I’ve felt the same way before with stories where the concept could be revealed to me along with the narrative beats inherent in the script, allowing their mysteries to take me along at their own pace. On its own, I suspect Kokoro Connect would have been a satisfying-if-conventional show to watch unfold, but it surely wouldn’t have impressed me in nearly in the same way if its very premise and attitude didn’t get the drop on me. CLANNAD certainly wouldn’t have strung me along right where it could best affect me as a viewer if I was aware of the emotional direction it would ultimately take.
In a bit of the opposite way, the expectations I carry with me can distinctly color experiences before they even begin; a recent model is my two very different viewings of The Last Jedi. As early as the opening night, people were champing at the bit to champion or condemn certain directive decisions and the twisting directions in which it sent its characters, which put a critical frame about the whole affair. It was a roller-coaster on opening night, and one that felt too much like an opinion-generating artifact to settle well even after I’d come to terms with its impact.
With a clearer head and a few weeks’ cushion, a repeat showing went down much smoother. Knowing what it’s setting out to do, the impression it leaves is more even and better-reflective of its own merits, but at the same time it lost that wild, anxious thrill it had when everything was fresh. The lows weren’t as low, sure, but its highs didn’t shine so brilliantly, either. Both a blessing and a curse, as they say.
This isn’t to vilify either side of “spoiler culture”, either.
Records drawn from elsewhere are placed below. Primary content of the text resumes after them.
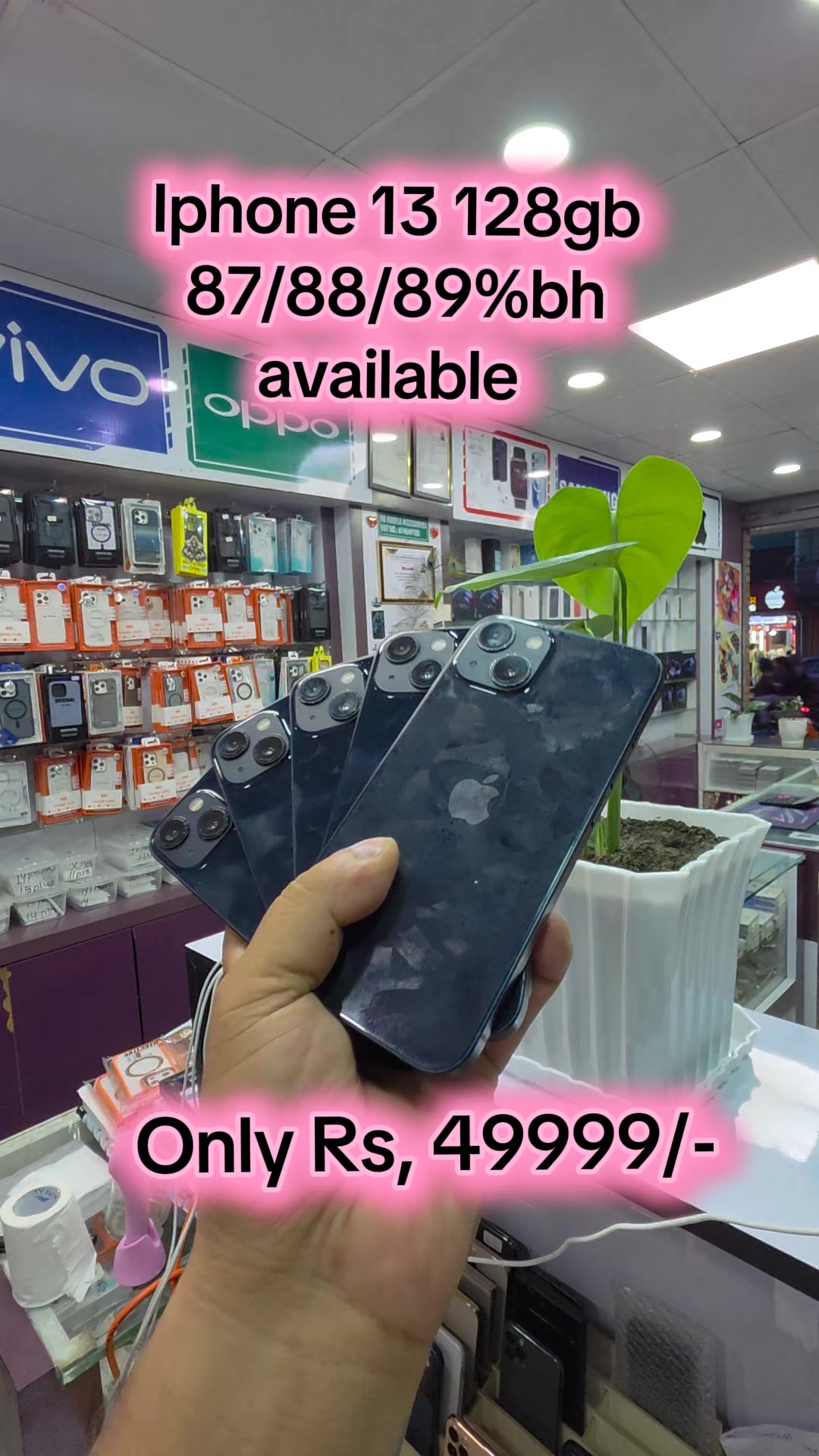 @rbmobile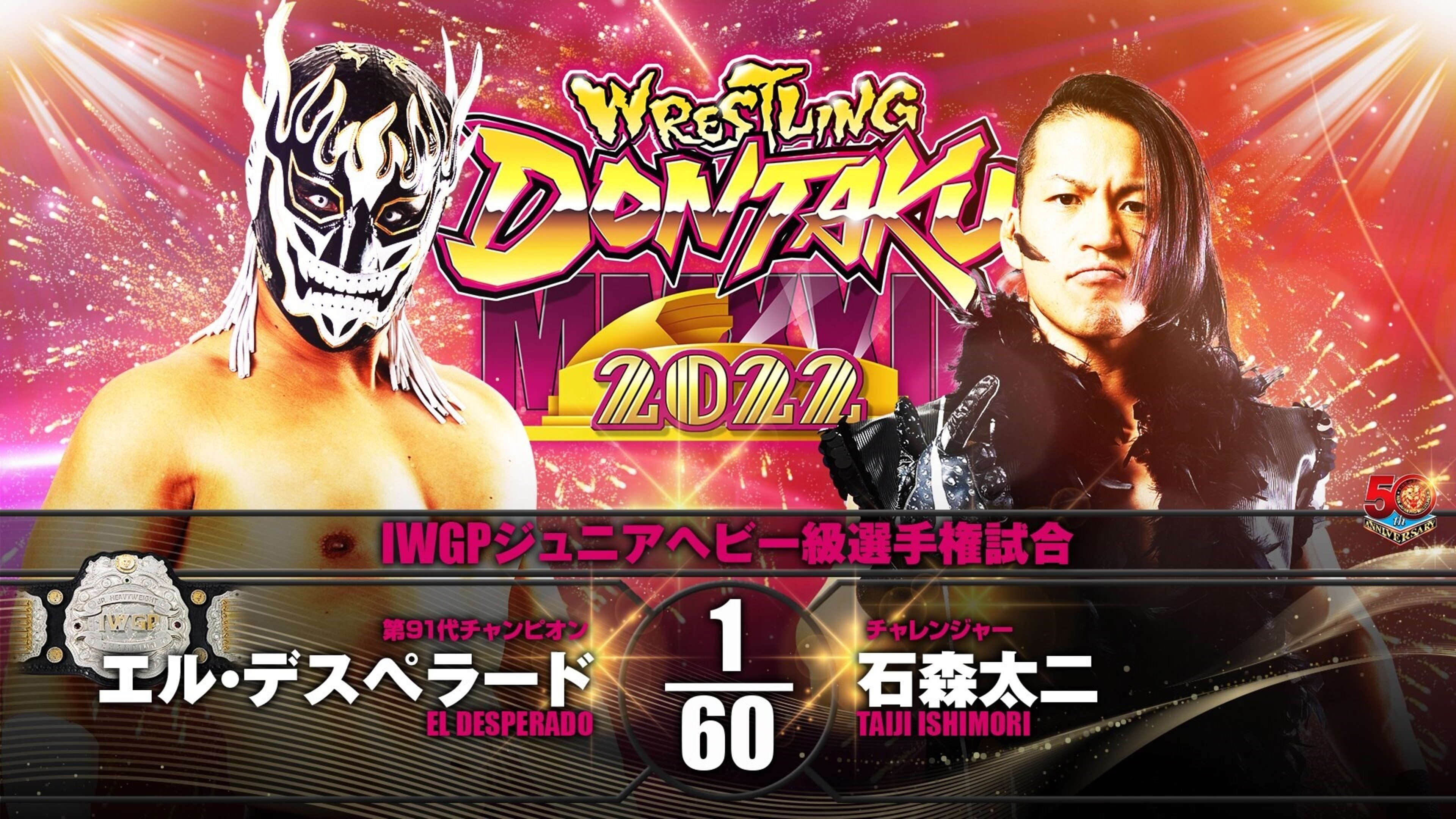 NJPW Wrestling Dontaku 2022 (2022)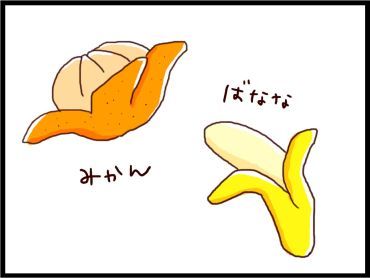 moroの家族と、ハンドメイドと。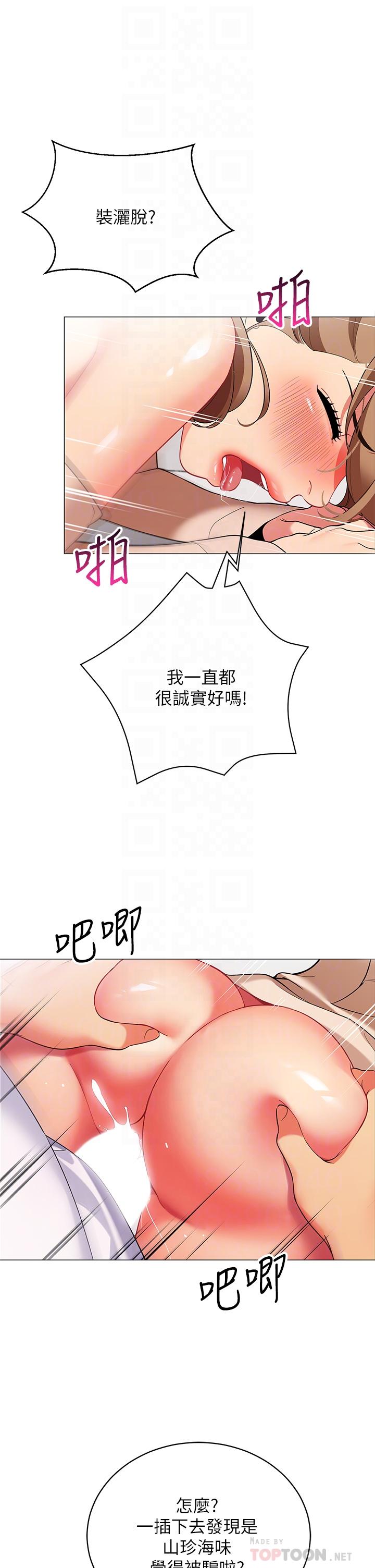 帳篷裡的秘密 第23話-在我體內留下痕跡 第14页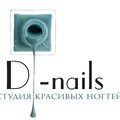 D nails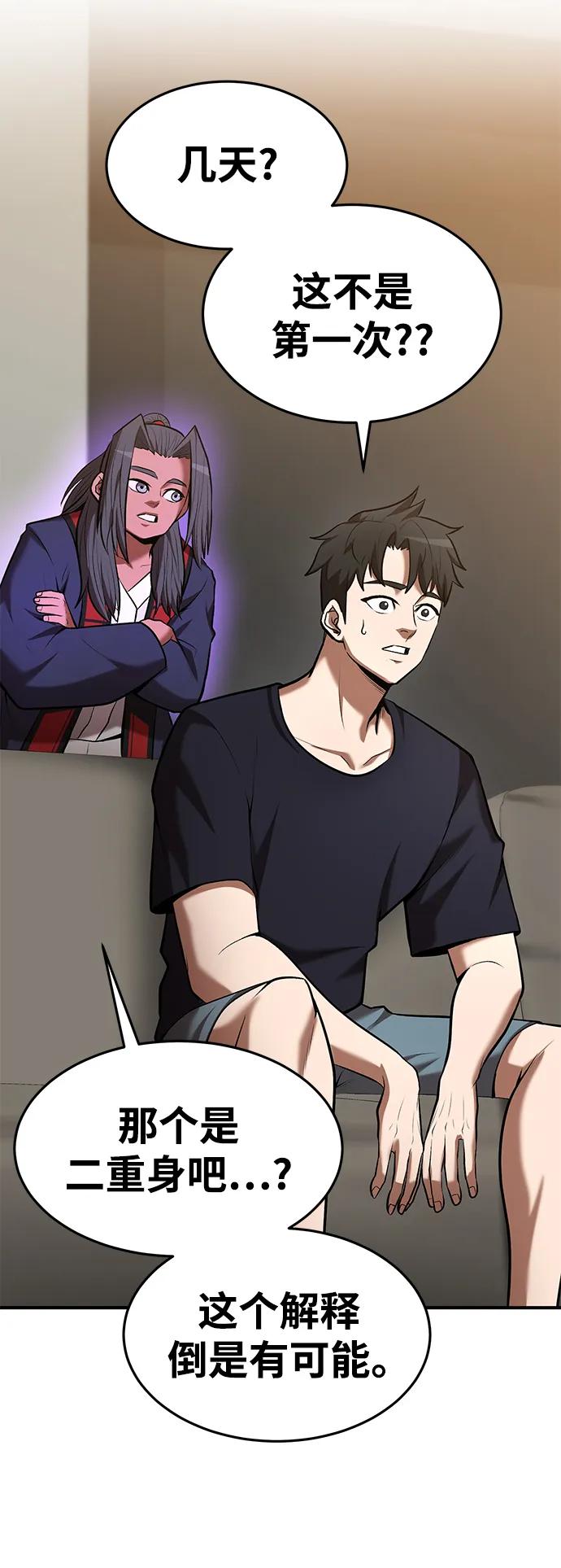 第92话32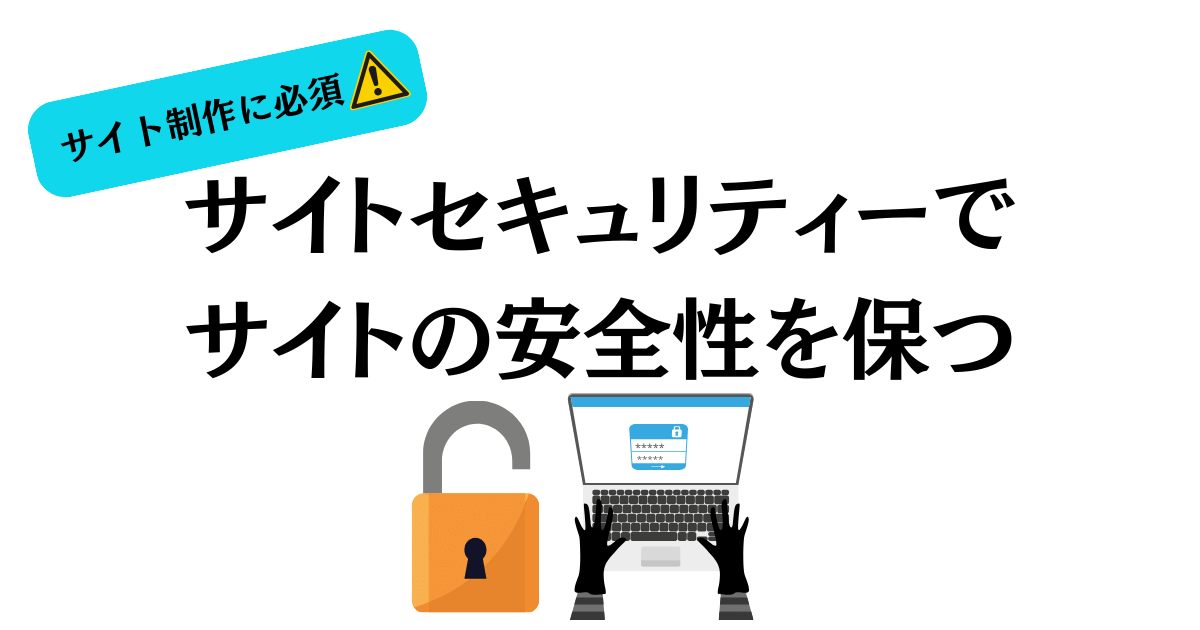 サイト制作の際に必ず導入すべきサイトセキュリティーについて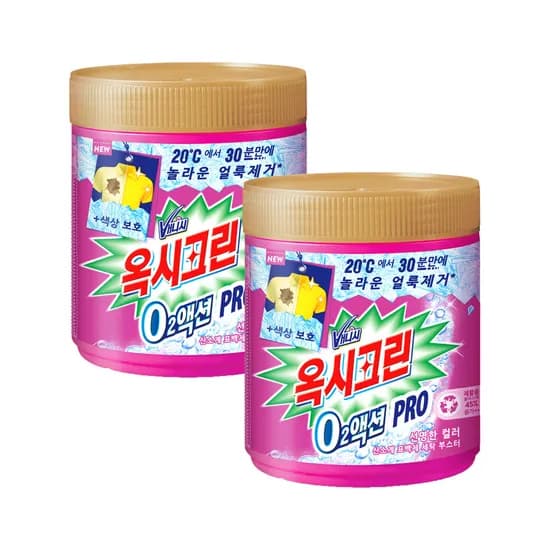옥시크린 O2액션 PRO 분말 표백제 470g 2개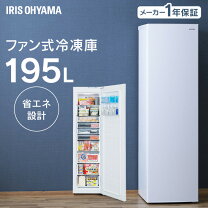楽天市場】アイリスオーヤマ 119l 冷凍庫の通販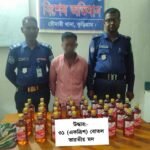কুড়িগ্রামে পুলিশের অভিযানে ৩১ বোতল বিদেশি মদসহ মাদক কারবারি গ্রেফতার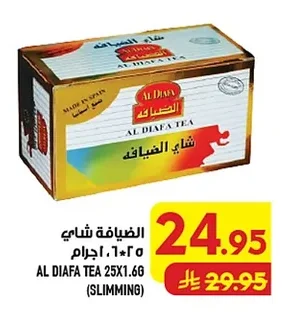 الضيافة شاي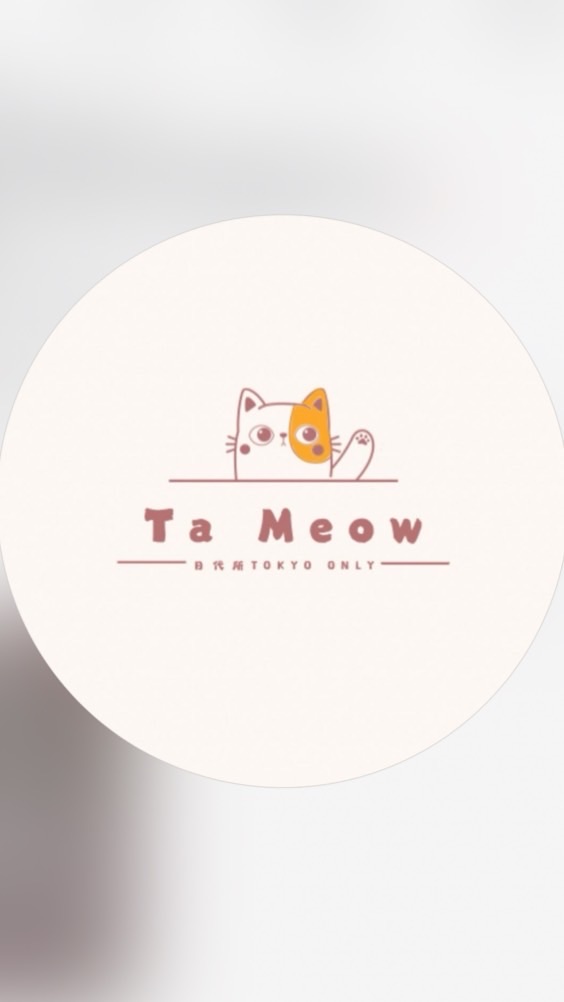 TA MEOW日代所。日本代購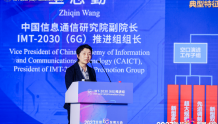 中国信通院王志勤：IMT-2030(6G)推进组已启动6G技术试验
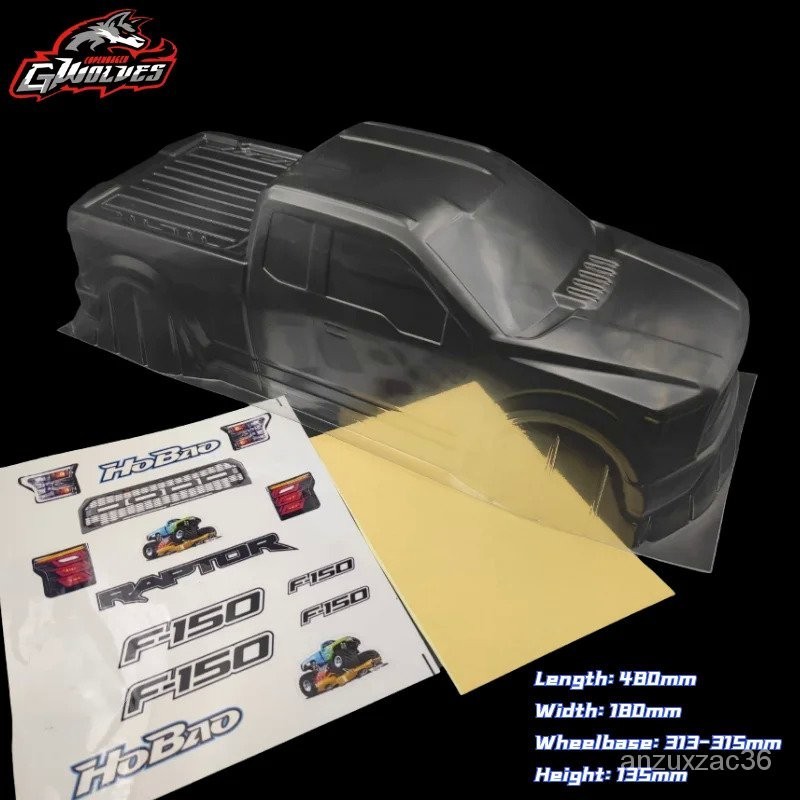 Kualitas Tinggi 1/8 RC PC F150 Raptor Shell Body 313Mm Jarak Sumbu Roda untuk HOBAO OP-0125N RC Truk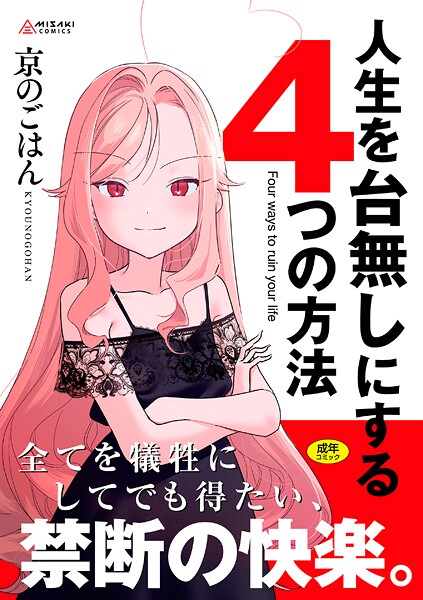 B425aakkg00697pl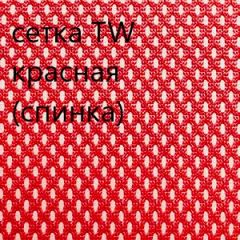 Кресло для руководителя CHAIRMAN 610 N (15-21 черный/сетка красный) в Губкинском - gubkinskiy.mebel24.online | фото 5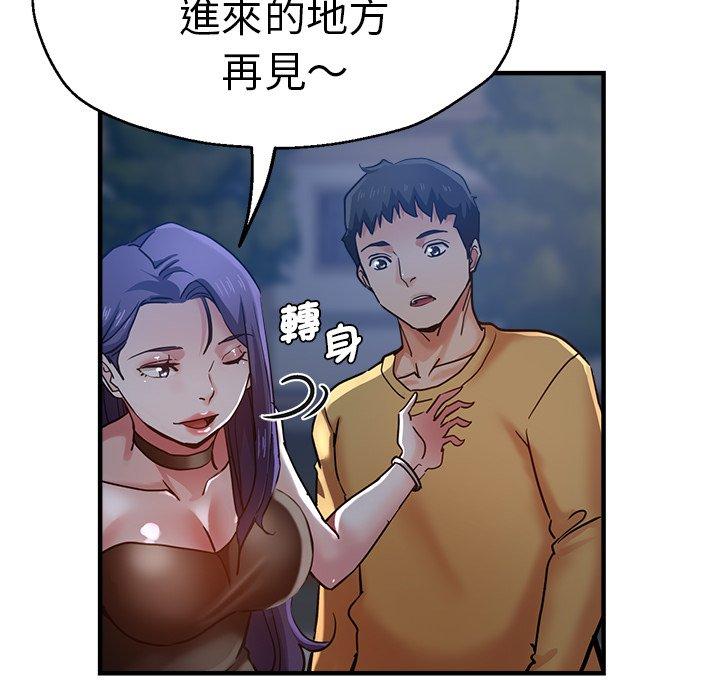 瑜珈初體驗 第 35 話 第97页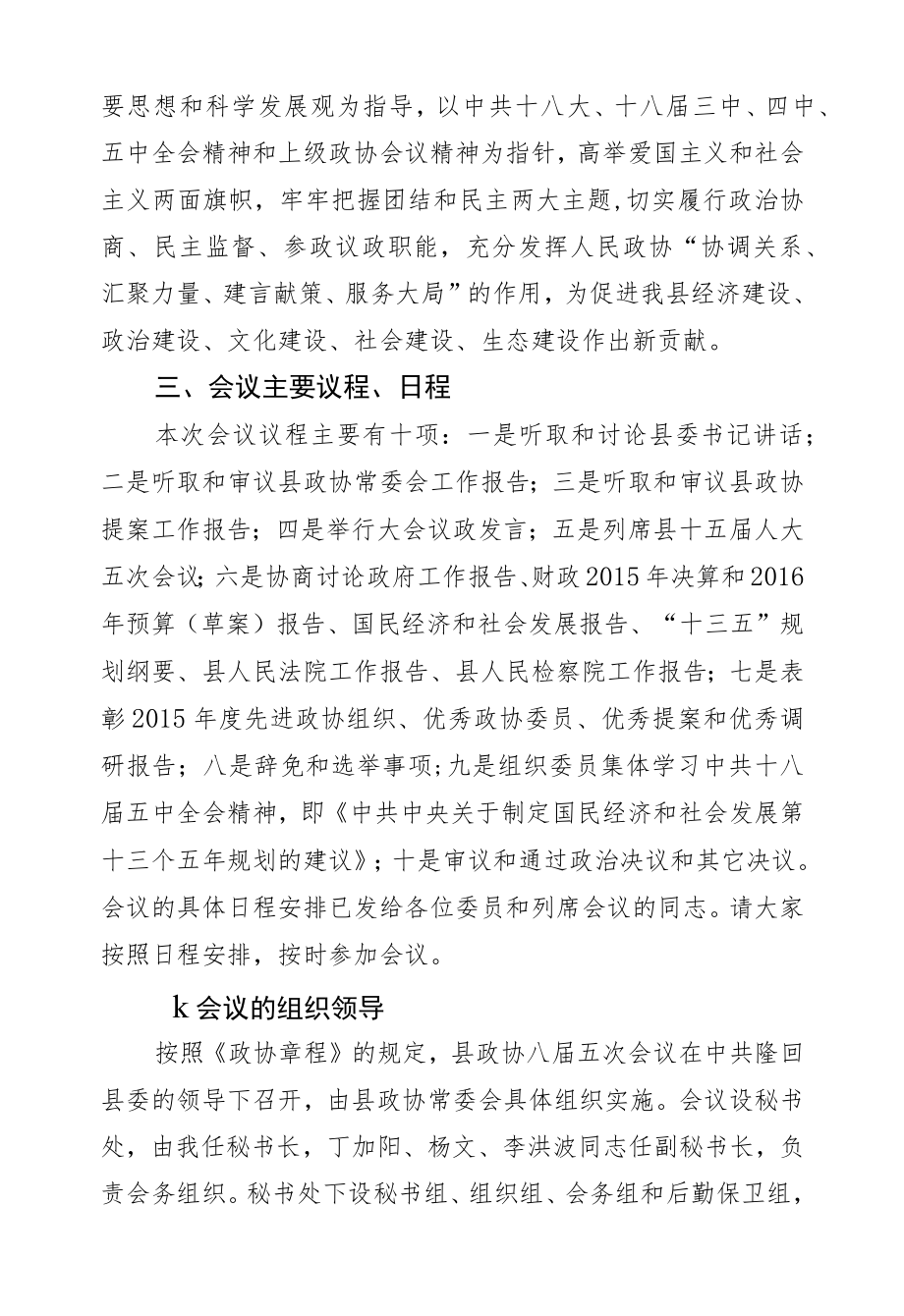 胡芒权：在县政协八届五次会议预备会议上的讲话.docx_第2页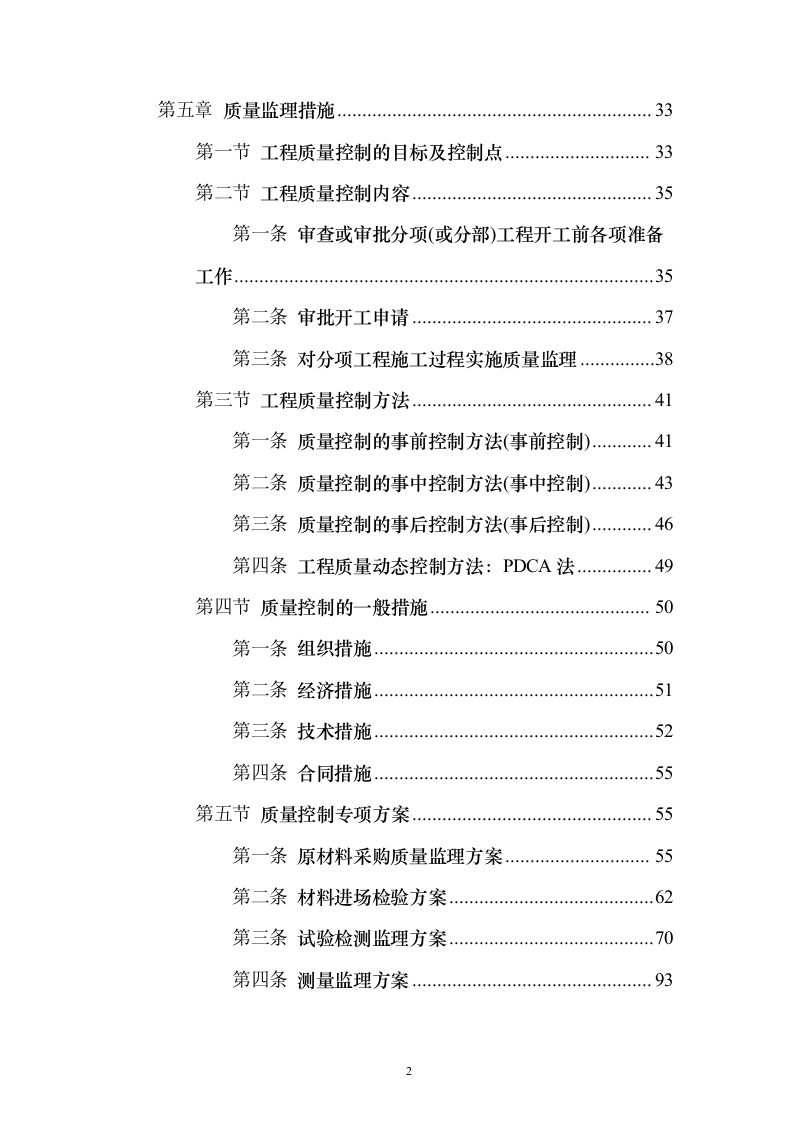 市政道路施工监理投标方案（556页）（2024年修订版）.docx 第2页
Trying to avoid all knowledge of a thing when early impressions and reactionary discussion can so easily catch fire and cause a thing to be everywhere for a New York minute flirts with being an unreasonable ask. I myself am guilty of unloading praise on the right subject the instant it gets name-dropped in conversation, which inevitably colors and warps the lens that someone will view it in, for better and for worse.
It’s something to be considered, how rapidly the novelty and excitement of a thing can vanish regardless before you’ve actually seen a second of it. Or perhaps other people don’t feel nearly so affected by this.
But as to the last of the Final Fantasy games waiting on my shelf, the contents of which are known only as a few scattered impressions? It’s now next on my list while there’s still an element of discovery to be had.